I have several solid bottom boards made from exterior grade 3/4" plywood with 3/4" strips around the sides and back. They have one coat primer and two coats exterior latex paint on them. Only one or two have had issues with de-laminating. I use them mainly for hiving swarms until I can get them settled, then I switch to screened bottom boards so I can monitor for mites (swarms don't seem to like screened bottom boards--too much light, in my experience). The 2"x2" would work if you put concrete blocks under them. I agree that 2"x4" would be better if setting on the ground. I would paint the treated 2"x4" boards too, to keep carpenter bees from boring into them. The CBs bore into un-painted treated wood here, so I paint my treated hive stands.


----------



## JWChesnut (Jul 31, 2013)

I build tops and bottoms at 16 1/4 x 23" with identical 2 x 2 cleats.

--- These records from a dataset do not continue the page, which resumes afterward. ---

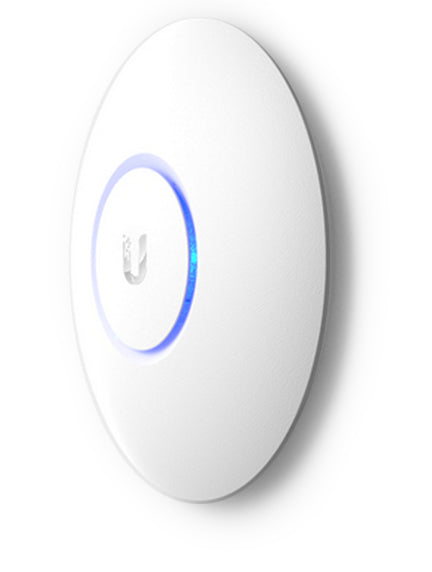 Ubiquiti UniFi UAP-AC-PRO – Wi-Fi 5 Access Point, Dual-Band (2,4/5 GHz), 1300 Mbit/s, 2× GbE, PoE, Weiss
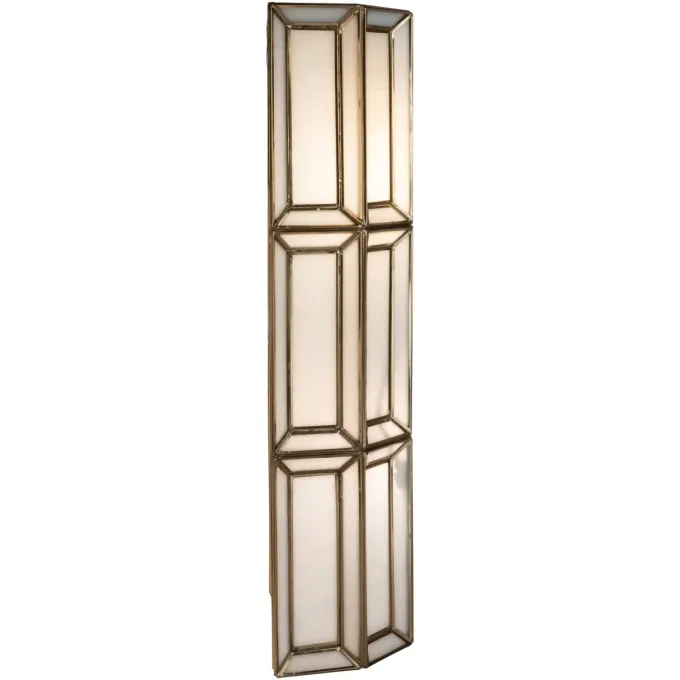 Richmond Interiors Wandlamp Opal antiek brons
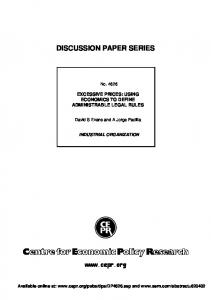 discussion paper series - SSRN papers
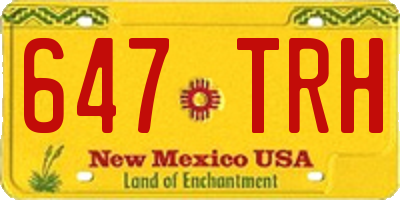 NM license plate 647TRH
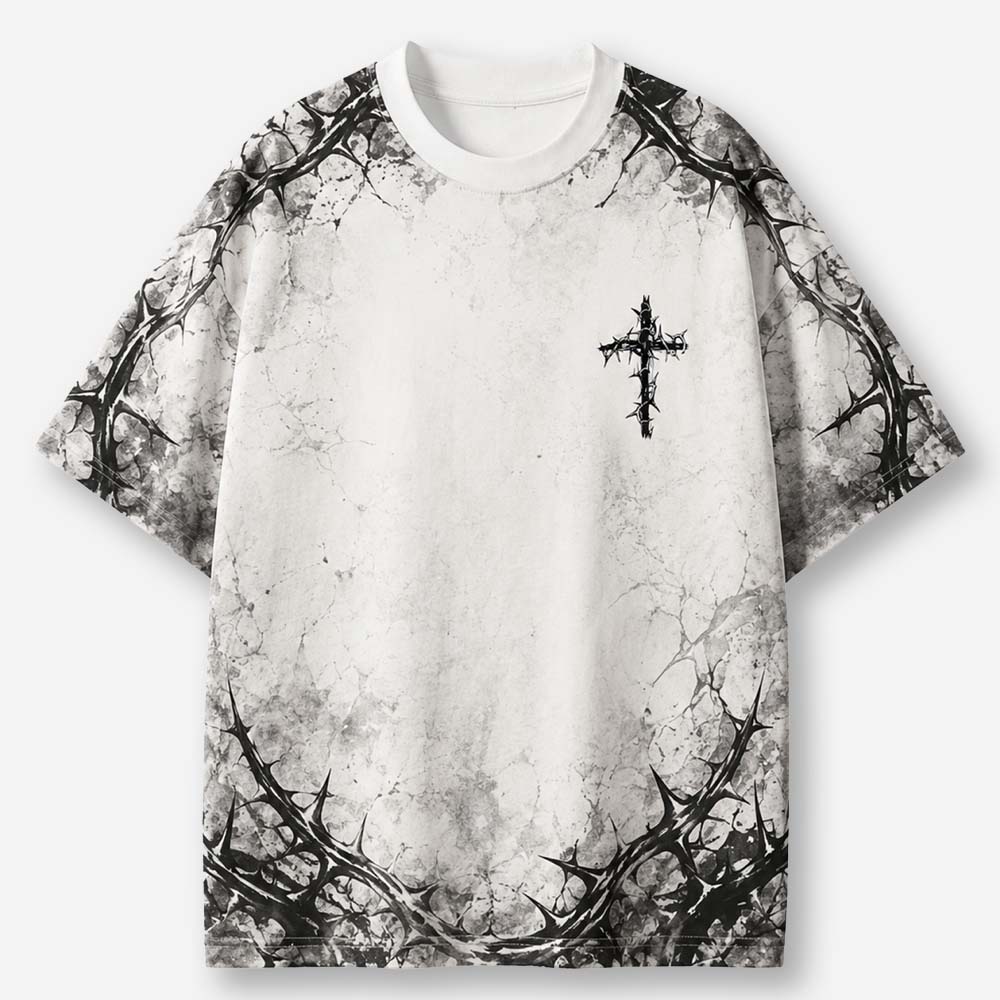 Thorned Emblem Eco Oversized Graphic Tees · GRS Certified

I use the bottoms with boxes with a single borehole entrance -- these are "super nucs". The cleats face up on the bottom. The filled box can be sold and transported by screening the borehole. A borehole entrance for a starter hive reduces rob-out.

Making tops and bottoms completely identical reduces inventory and construction cost for boxes that are sold to customers. Many of these "super nucs" are medium depth boxes- where 8 frames of comb area are equal to 5 deeps. The boxes can be simply placed on the customers full-sized hardware -- without "complicated" frame moving to install. This is ideal for the newbie hobby beeks. "Just plop it on top" is the sum total of the installation instructions.

Plywood warps terribly. With light cleats it will pull to the outside when used as a top. Floor underlayment or the pricey Avantec are more stable. You can stabilize ply by rimming all four sides -- but the advantage of a migratory top design is lost with that reinforcement. 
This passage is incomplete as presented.